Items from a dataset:
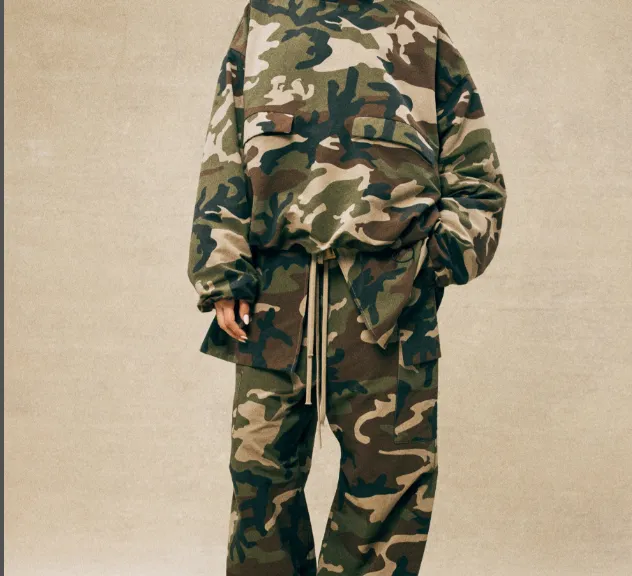 FEAR OF GOD ESSENTIALS 24FW Drawstring Woven Camouflage Work Pants Camouflage S-XL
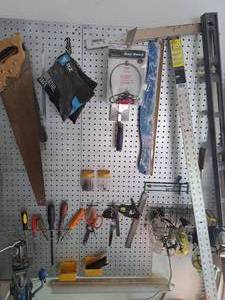 lot 71 image: Hand Tools - Hand Saws, Rad Band, Concrete Trowel, 48 Square, Bar Level, Screwdrivers, Misc. Tools and Hardware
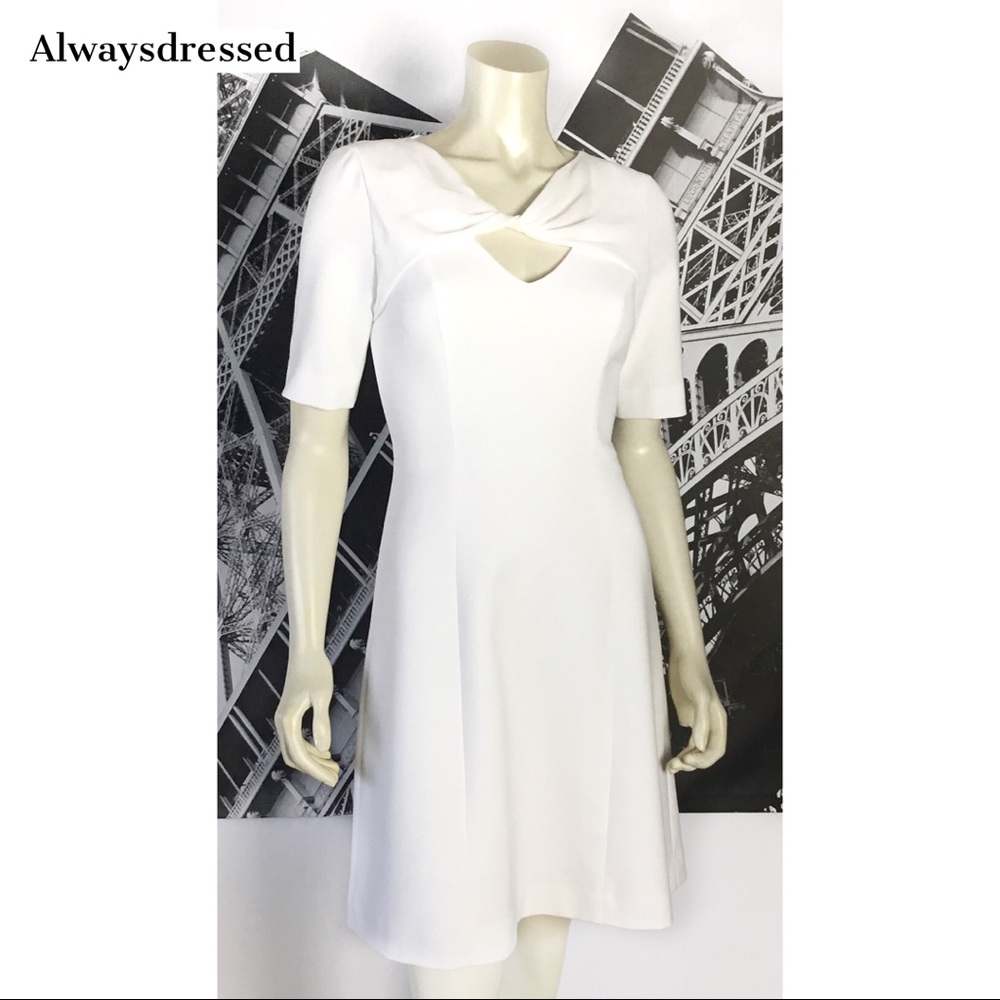 BCBGMAXAZRIA White Fit and Flare Dress NWOT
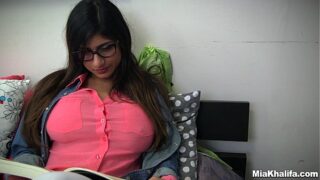 Mia Khalifa big boobs sucking big black cock blowjob threesome sex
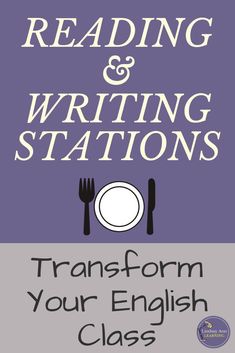 the front cover of reading and writing stations transform your english class with an image of a plate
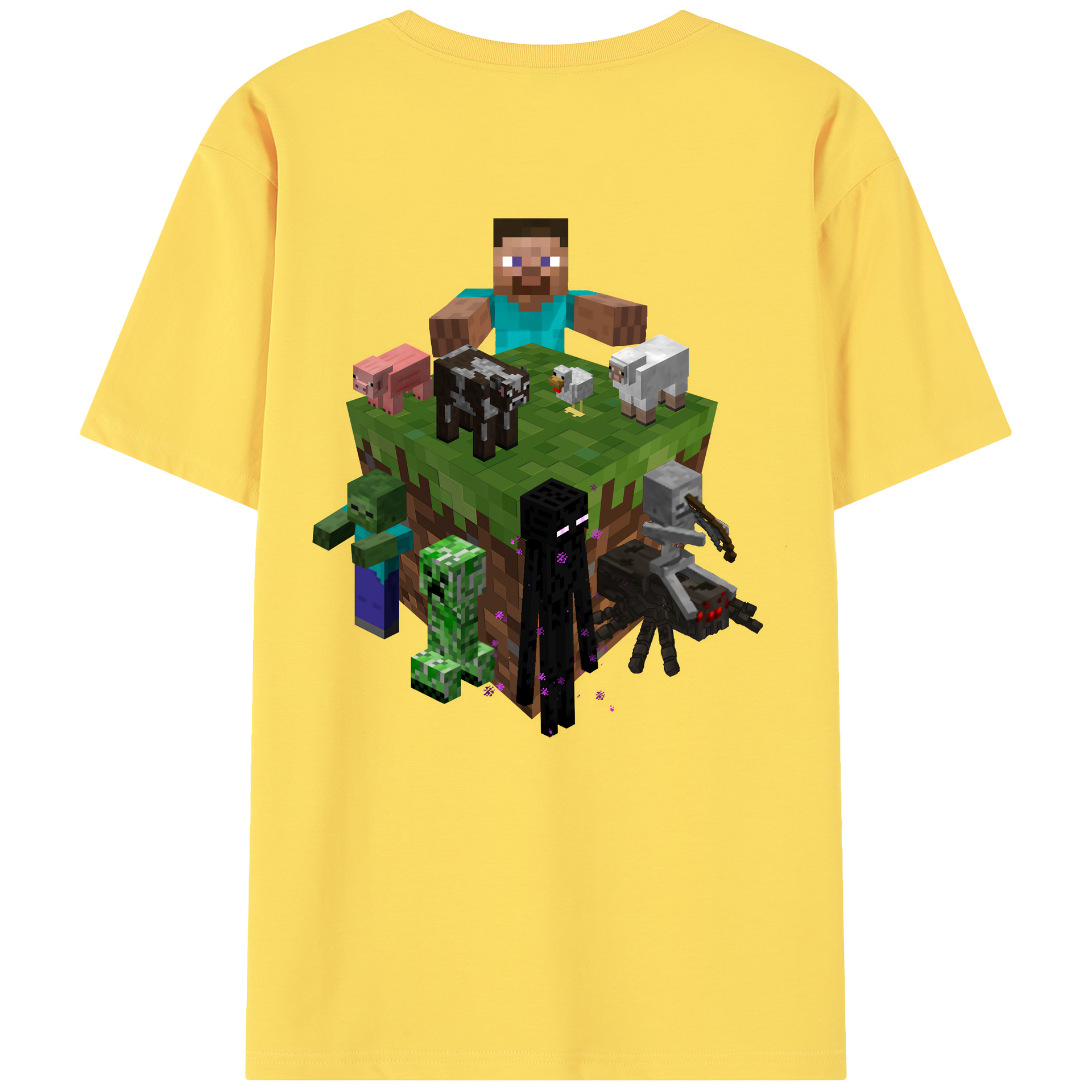（画像用） マインクラフト ブロックの世界 Minecraft MC Block world 綿100％半袖Tシャツ（背面プリント）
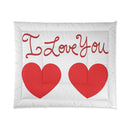Big Red Heart Lover's Large White Comforter-2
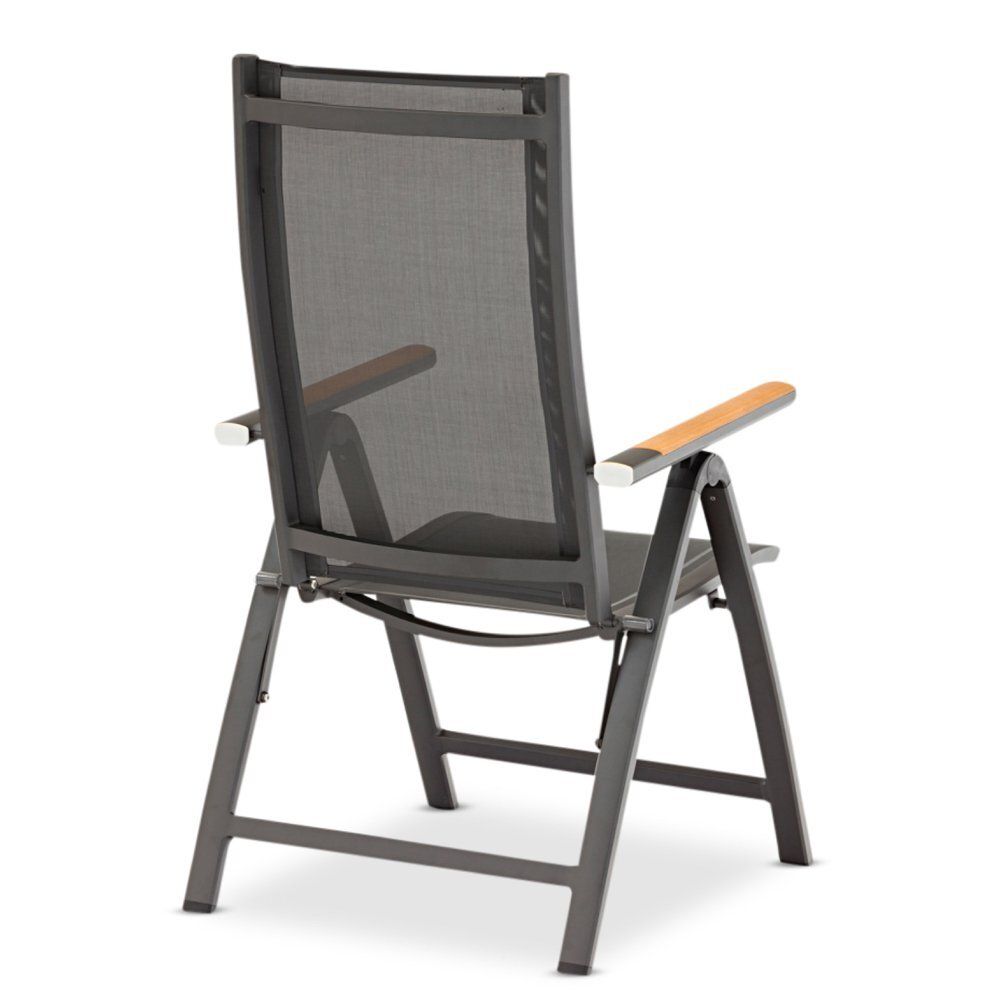 Nora-Andy 10R, комплект обеденной мебели антрацит/серый, алюминий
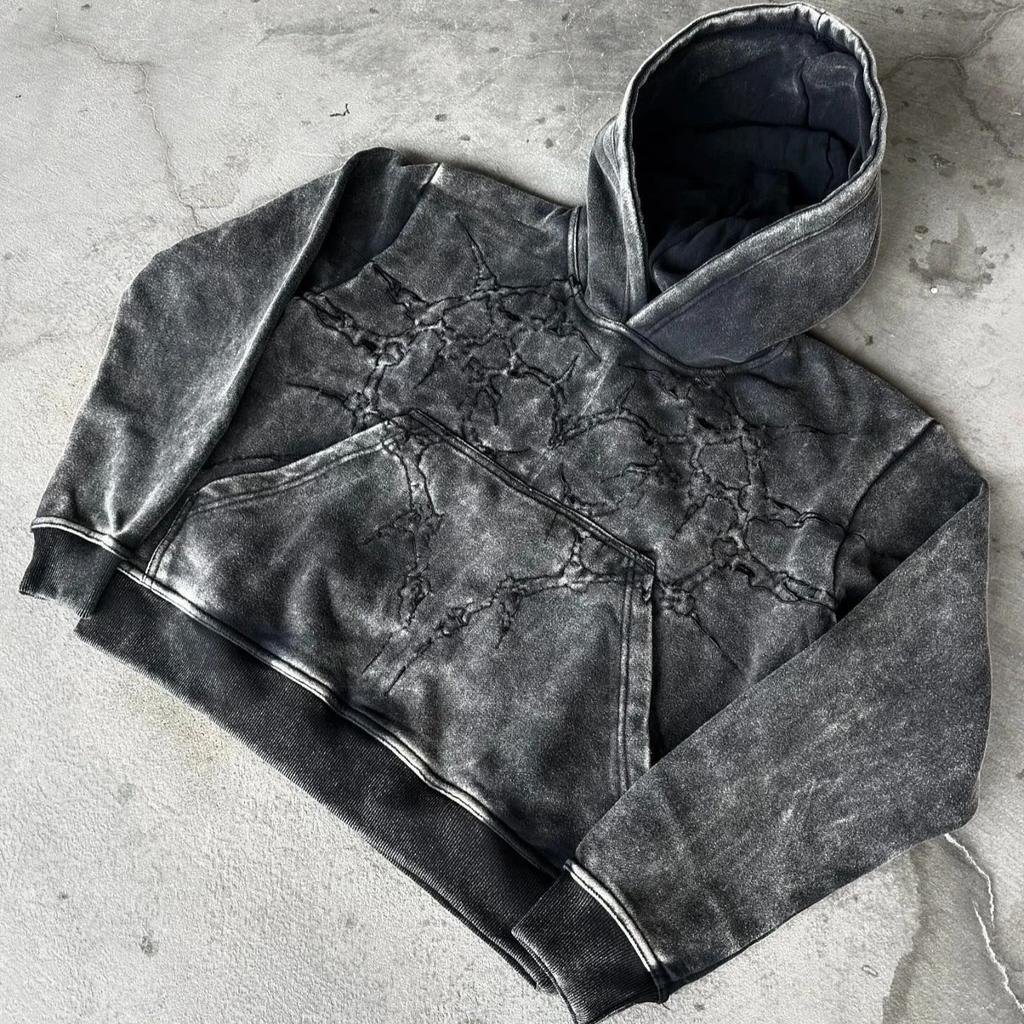 New Spot Sports Hoodie Harajuku Dark Washed Embroidered Sweater Couple Street Clothing Hoodie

■ **Prompt**
Drop the pictures and copy the data exactly.

■ **Response to the task**
 FEAR OF GOD ESSENTIALS 24FW Drawstring Woven Camouflage Work Pants Camouflage S-XL
 lot 71 image: Hand Tools - Hand Saws, Rad Band, Concrete Trowel, 48 Square, Bar Level, Screwdrivers, Misc. Tools and Hardware
 BCBGMAXAZRIA White Fit and Flare Dress NWOT
 Mia Khalifa big boobs sucking big black cock blowjob threesome sex
 the front cover of reading and writing stations transform your english class with an image of a plate
（画像用） マインクラフト ブロックの世界 Minecraft MC Block world 綿100％半袖Tシャツ（背面プリント）
Big Red Heart Lover's Large White Comforter-2
 Nora-Andy 10R, комплект обеденной мебели антрацит/серый, алюминий
 New Spot Sports Hoodie Harajuku Dark Washed Embroidered Sweater Couple Street Clothing Hoodie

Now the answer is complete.